The present study found no significant association between ghrelin concentration and habitual dietary macronutrients in PCOS and healthy controls. Similar results were obtained in a study on fasting and postprandial ghrelin levels in PCOS women (40). In contrast to our study, Kong et al. (25) studied overweight and obese postmenopausal women. They reported that habitual dietary intake of carbohydrate and fat were associated with higher ghrelin concentrations. Barber et al. (41) showed that ghrelin levels were suppressed by oral glucose in women with PCOS. Kasim-Karakas et al. (24) reported that in PCOS patients protein intake suppressed ghrelin longer than glucose.

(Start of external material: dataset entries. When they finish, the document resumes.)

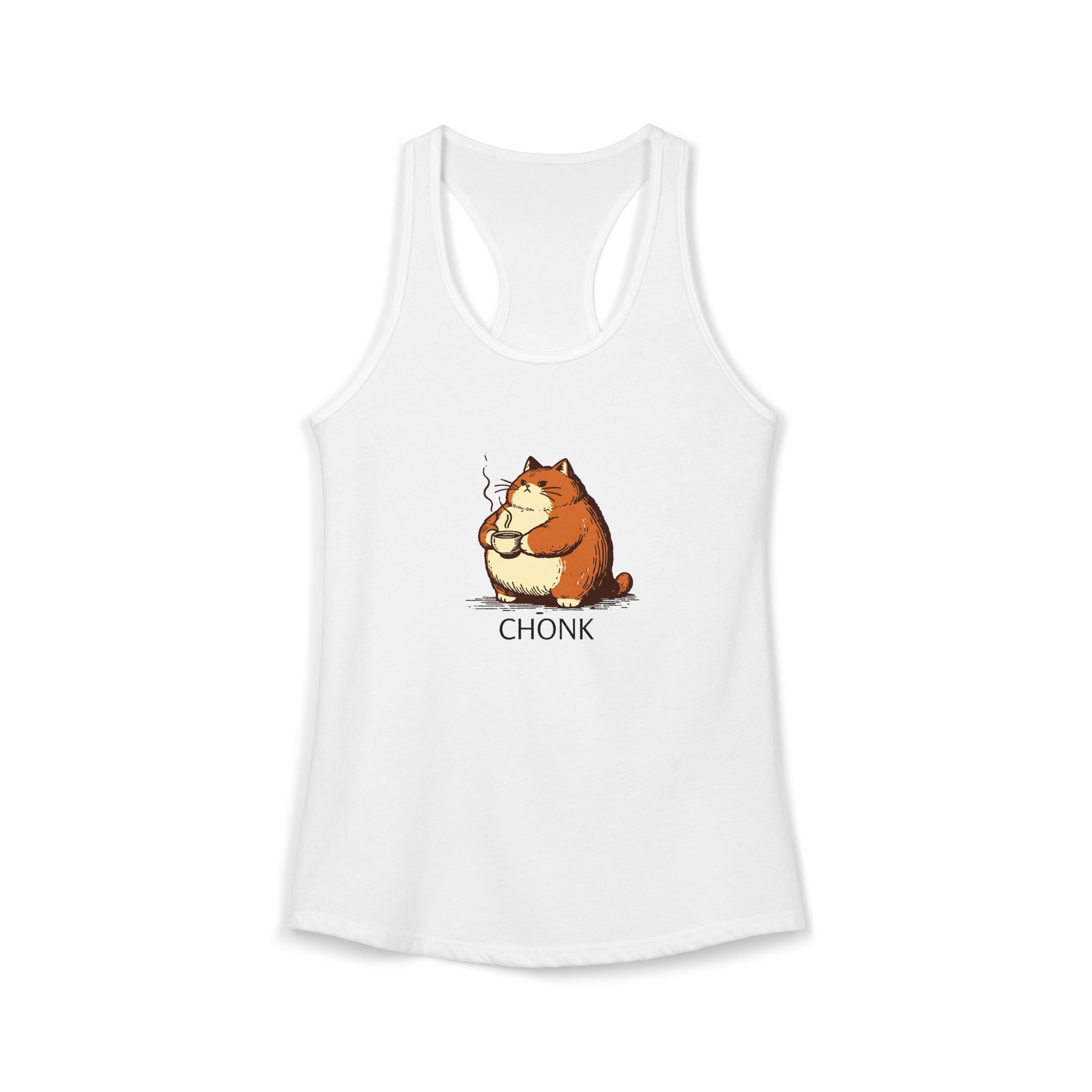 Retro Chonk Cat Tank Top
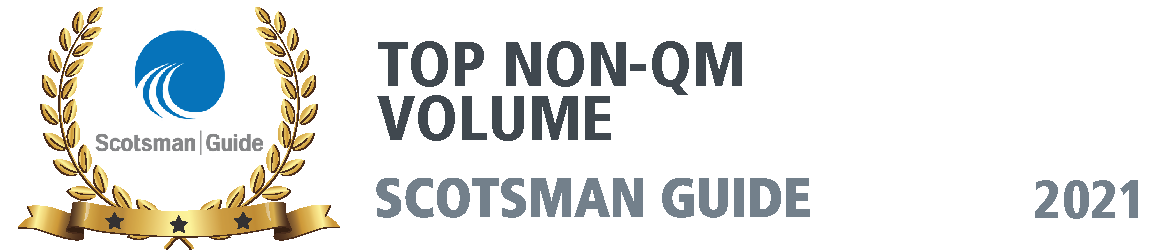 SCOTSMAN Award - Top Non-QM Volume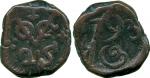 COINS. 钱币,  Sri Lanka (Ceylon),  斯里兰卡: Dutch Colony: Copper VOC 2-Stuivers,  Jaffna mint,  1793-I,  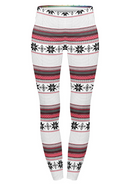 Regular Leggings (8-14 UK Size) - Winter Snow - Kukubird-UK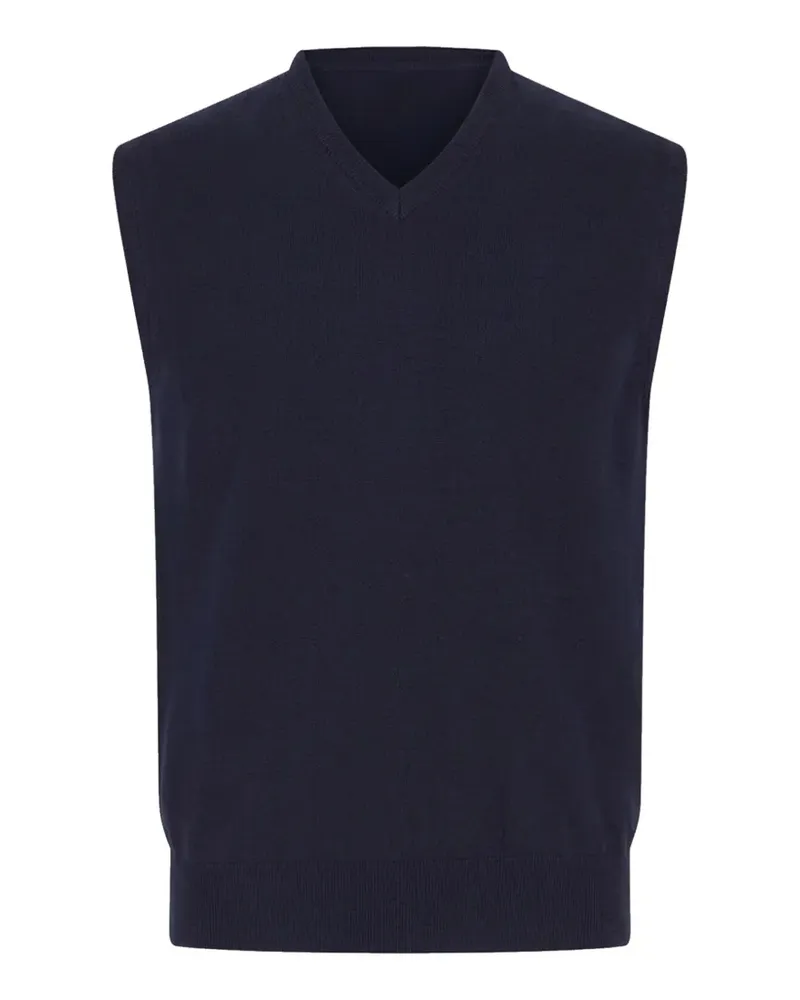 HOSIO V-neck vest - Blau Blau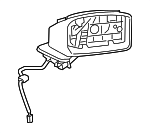 TK4869181D - : Mirror Base - Driver's Side (LH) for Mazda: CX-9 Image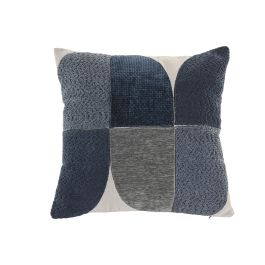 DKD Home Decor Cushions 2c25 Cojín Boho Gris Azul 45 x 45 cm de Algodón y Poliéster (2 Unidades) Precio: 20.89999967. SKU: B1JJ654R7D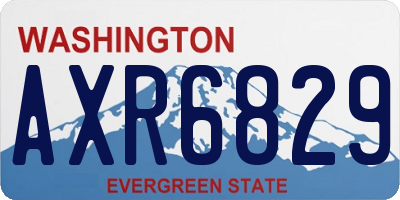 WA license plate AXR6829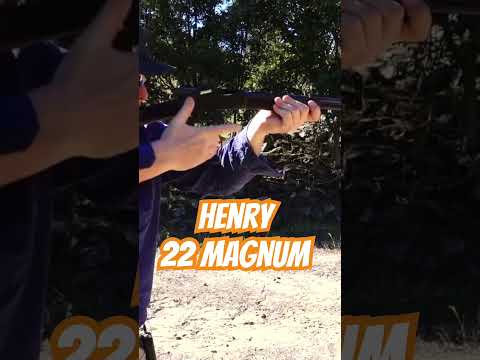 Henry 22 Magnum #ozziereviews #22caliber #rifle #22mag #shooting #22wmr #henry #leveraction #22lr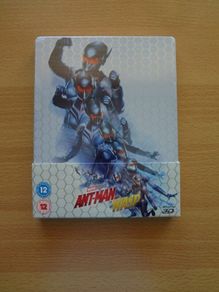 Ant Man & The Wasp 3D and 2D Blu Ray Steelbook (New/Sealed)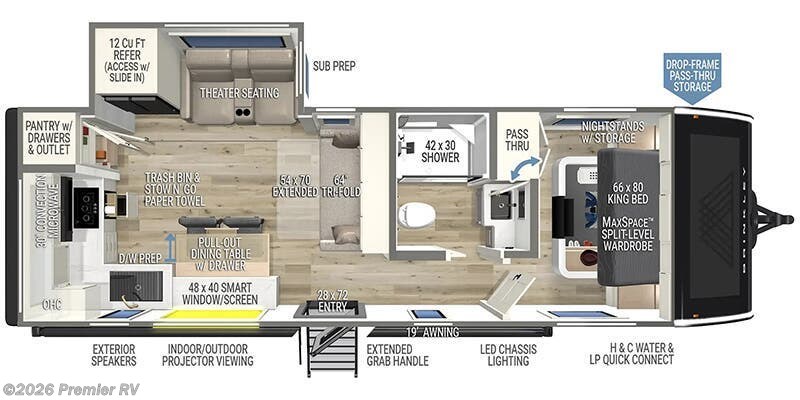 2026 Brinkley RV Model I 275 - New Travel Trailer For Sale by Premier RV  in Blue Grass, Iowa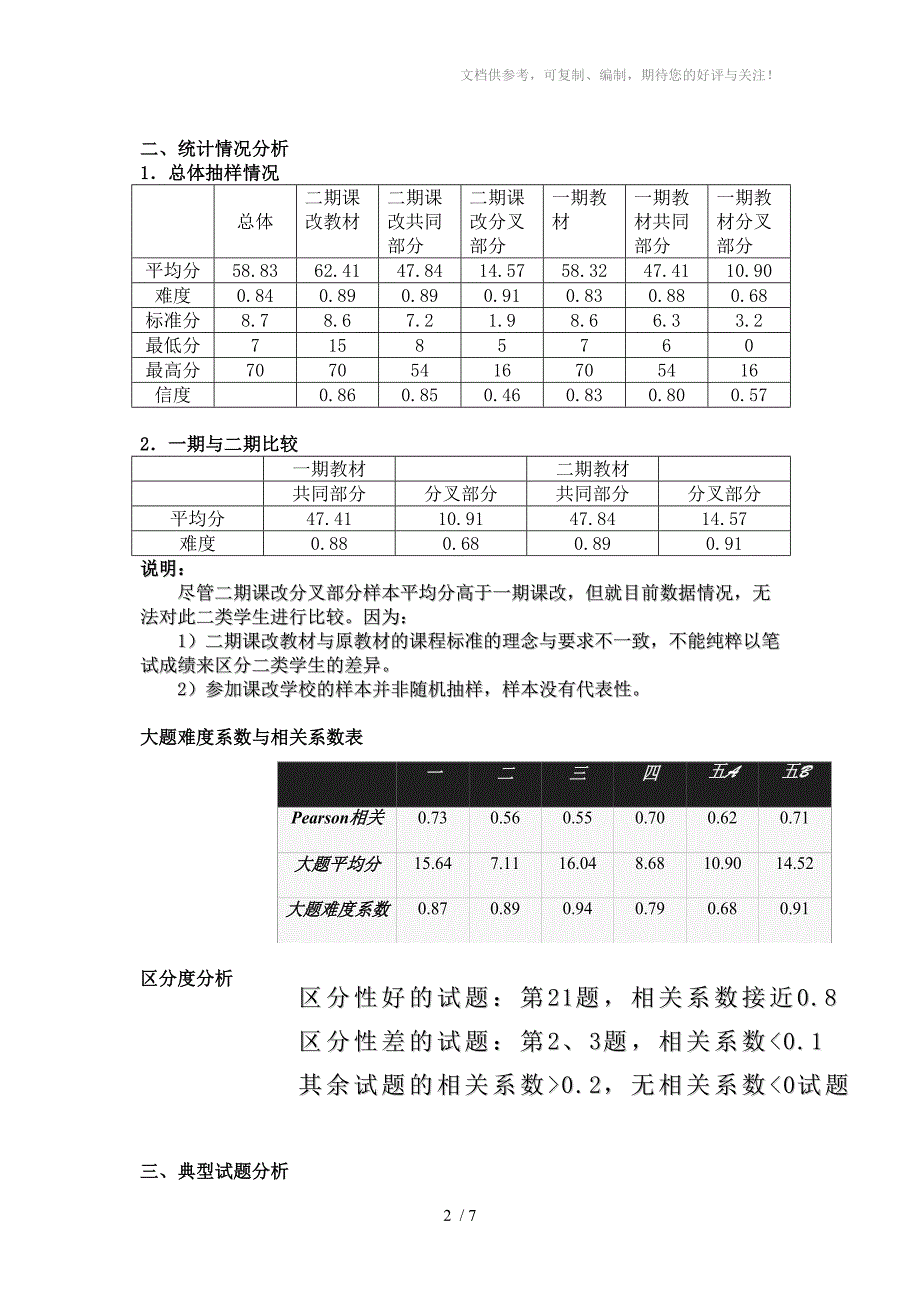 物理中考试题质量分析_第2页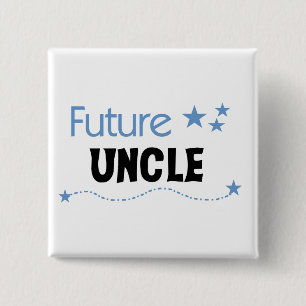 Chapa Cuadrada Tío futuro T-shirts y regalos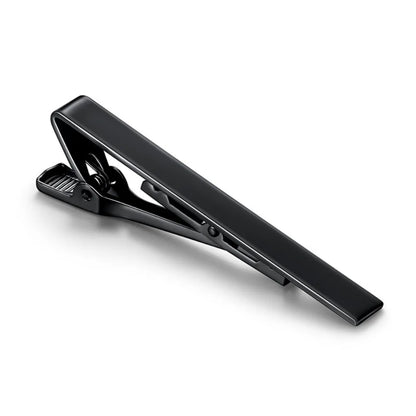 Elegant Classic Men's Tie Clip Lightweight Portable Tie Pin Metal Necktie Bar Dress Shirts Accessories for Wedding Ceremony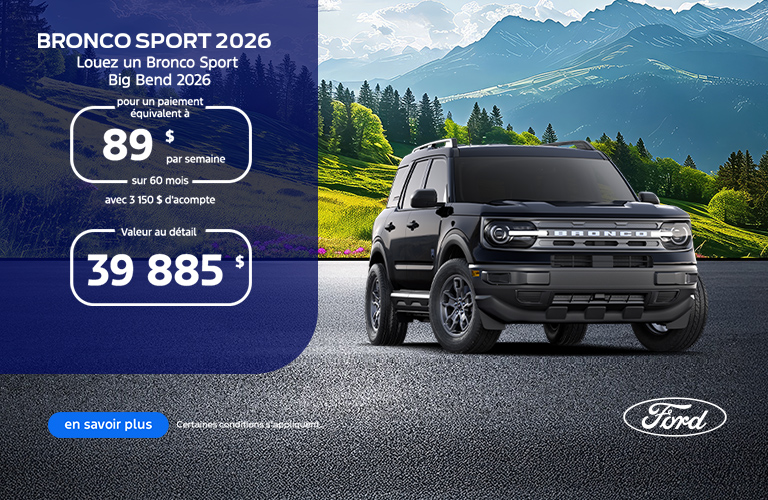 Ford Bronco Sport 2025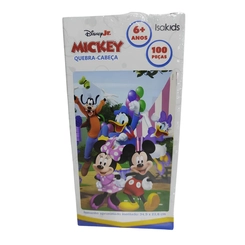 BRINQUEDO QUEBRA CABECA ISAKIDS MICKEY 100 PECAS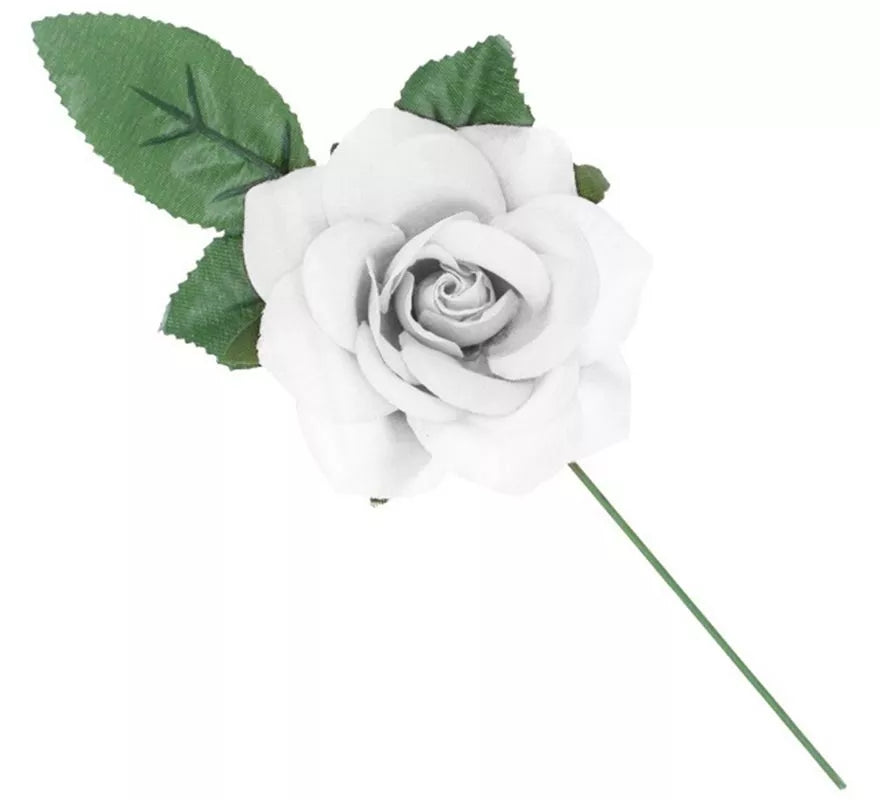 Translation missing: de.Rosa de Sevillana o Chulapa con varilla de 8 cm en varios colores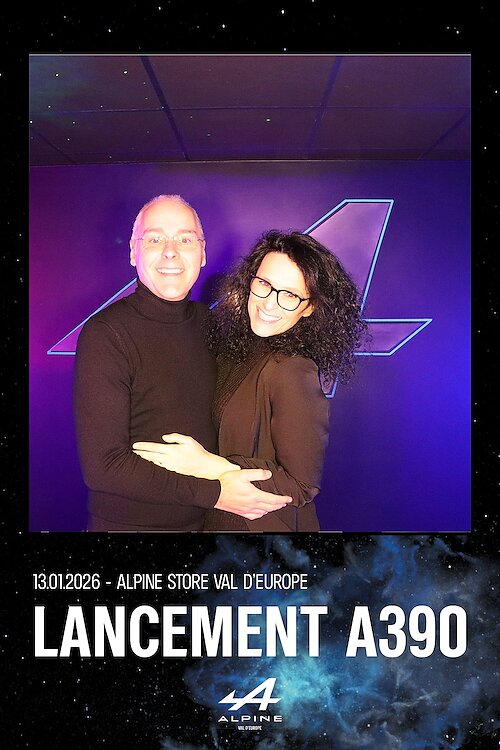 Impression photo avec identité visuelle Alpine remise aux invités en Seine-et-Marne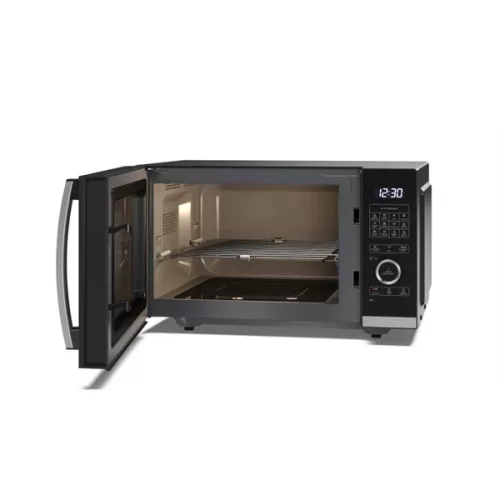 SHARP YC-QG254AEB 25L, forgótányér nélküli, grilles mikrohullámú sütő, mikro: 900W, grill: 1000W, fokozatok:10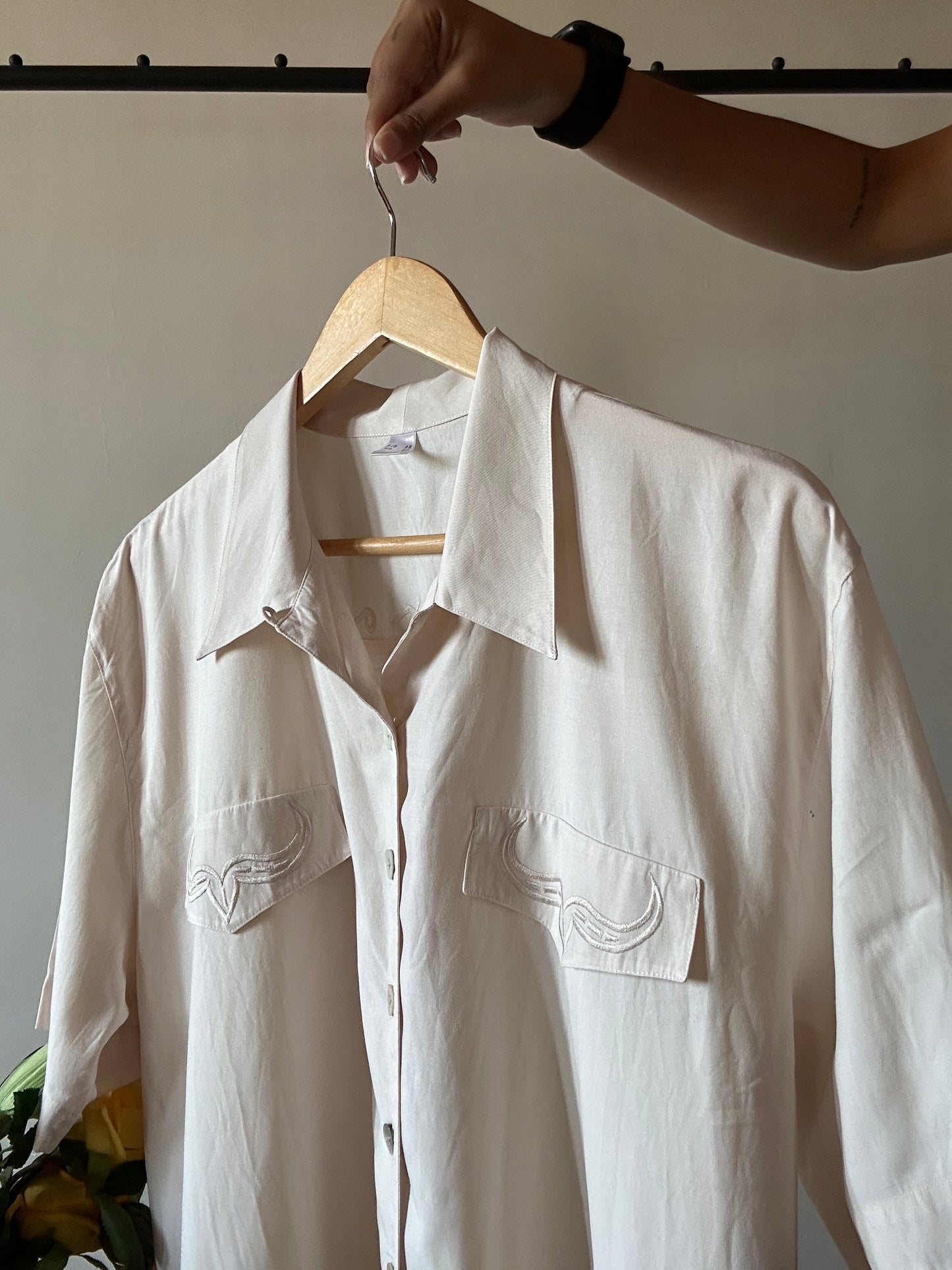 Vintage Abstract Embroidery Shirt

In our study the negative association between carbohydrate intake and serum ghrelin was near to significant. Ghrelin fluctuations have been shown to inversely correlate with those of insulin, when insulin concentrations rise, ghrelin concentrations fall (42-44). It is generally accepted that carbohydrate is the most effective macronutrient for ghrelin suppression, because of its rapid absorption and insulin secreting effect. Protein induces a prolonged effect and fat exhibits weak ghrelin suppressing capacity (45).
Our study had some limitations. First, was the use of self-reported nutrient intake which has the potential for tremendous recall bias and underreporting. This was likely the case for the PCOS group that had a significantly lower total energy intake. In addition, single fasting hormone measures were more limited than a 24 hour profile or hormone response to given macronutrient test meals. The sample size of our study might be considered too low. Blood samples from PCOS women were collected at any time, hence it was not possible to determine which cycle stage they were at.
Conclusion
The results of the current study showed that in PCOS patients some components of habitual dietary intake such as fat and SFA were inversely associated with serum leptin concentrations, independent of BMI and total energy intake. There was no significant association between habitual dietary intake of macronutrients or their subtypes and serum ghrelin concentrations.
Based on these findings, limiting food stuffs high in fat (especially SFA) would be beneficial in appropriate control and management of either the metabolic or endocrine status of PCOS patients.